Em um condomínio no interior de São Paulo, os arquitetos da Urbem definem sucessões de planos que se intercalam para conter e proteger uma casa mirante.
O condomínio residencial Monte Alegre, em Piracicaba, fica próximo a uma área tombada da cidade chamada Usina Monte Alegre. De um de seus lotes é possível avistar as chaminés da usina, a capela São Pedro, com obras de Alfredo Volpi, e uma área de preservação permanente. O proprietário desse terreno de 1739,09 m2, fruto da união de três lotes, pediu a Urbem Arquitetura uma casa mirante, onde a partir de todos os espaços pudesse desfrutar da vista permanente. Para atender a essa solicitação, os arquitetos direcionaram a casa para face norte, pois a melhor vista todos os ambientes voltam-se exatamente para a face de maior insolação. Essa implantação exigiu matérias primas de baixa condução térmica e dispositivos de proteção solar que garantissem o conforto térmico necessário.
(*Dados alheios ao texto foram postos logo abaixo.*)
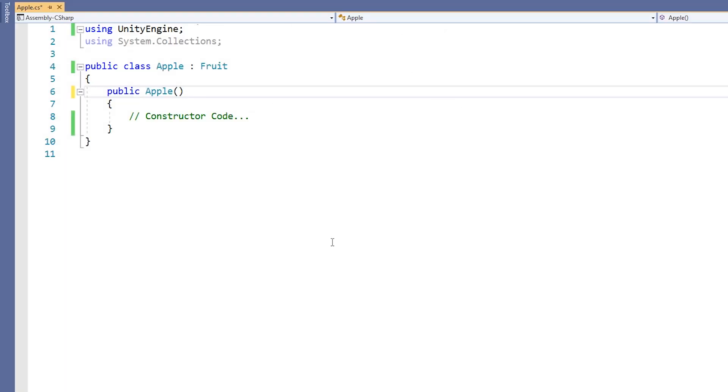Constructors are an exception to what is inherited by child classes, as they remain unique to a class and are never shared. When a constructor is called in a child class, however, the constructor of its parent class is called immediately before.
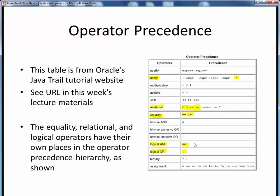Note that the logical AND and OR operators have lower precedence still than the relational and equality operators, which means that more atomic logical comparisons involving these operators will be evaluated first before such Boolean results are evaluated as part of larger expressions involving these two operators. Lastly, notice that the unary negation operator has higher precedence than any of these others, so it will always be evaluated before the rest.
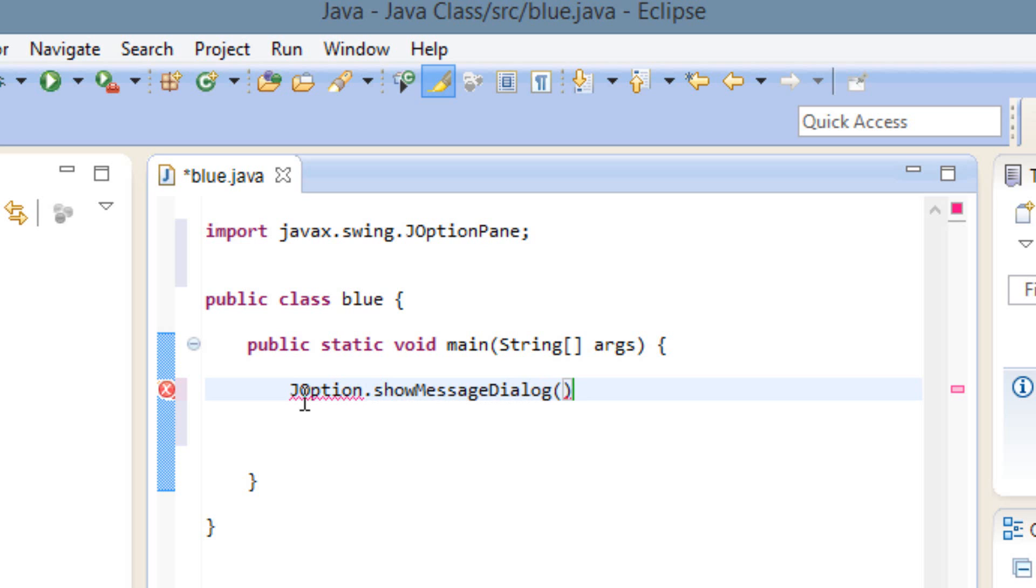And we're going to type null, N-U-L-L comma, hit space. We're going to use a double quote, and in between the double quote we're going to type our message, whatever we want the dialog box to prompt the user. We can type hello.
Para garantir face norte aos ambientes, e liberar uma terça parte do terreno para eventual comercialização, o projeto definiu dois blocos ortogonais que se cruzam, formando térreo e primeiro andar. O programa segue a lógica de um sobrado: áreas sociais como cozinha, lazer, estar, jantar e escritório organizam-se no térreo enquanto que três suítes e sala intima distribuem-se no andar superior. No ponto do cruzamento foi definida a circulação vertical e a entrada da casa, protegida por um painel curvo de madeira. Essa dinâmica criou coberturas para os ambientes sociais e tetos verdes que absorvem a luz solar e servem aos espaços íntimos: um desses terraços é um verdadeiro mirante, circundado por bancos de concreto e acessado a partir da sala superior. Encaixado nesse volume a cobertura da área gourmet, posicionada logo a frente dos caixilhos da suíte máster, sustenta espécies vegetais que florescem. “Essa laje propicia a criação de um jardim de flores, que da suíte do casal, mistura-se com o verde da paisagem.”, explica o arquiteto Marcelo Guidotti, da Urbem.
A implantação também condicionou a distribuição das suítes ao longo do volume superior e criou gradientes de proteção solar nos ambientes sociais do térreo. As áreas de estar e jantar são contida entre grandes portas de vidro em ambos os lados que permitem ventilação cruzada. Como a sala é estrategicamente recuada em relação ao terraço, além do vidro, toldos protegem a varanda e barram ainda mais a entrada de luz solar. No andar superior, grandes portas pantográficas feitas de chapa de alumínio micro perfurado protegem as portas envidraçadas, permitem ventilação , a visão e barram a luz e o calor: quando abertas suas abas também funcionam como brises. Na porção mais crítica do volume superior, a face da suíte máster voltada para a face oeste, os arquitetos optaram por um revestimento formado por placas de gesso acartonado, painel de câmara frigorífica e chapa de alumínio composto. “Esse conjunto é ultra eficiente contra o calor da forte incidência solar.”, explica Marcelo. A solução de cobertura do volume superior completa o sistema de proteção solar e reforça o partido industrial: telhas tipo sanduiche zipadas abrigam domos de iluminação posicionados sobre os banheiros das suítes.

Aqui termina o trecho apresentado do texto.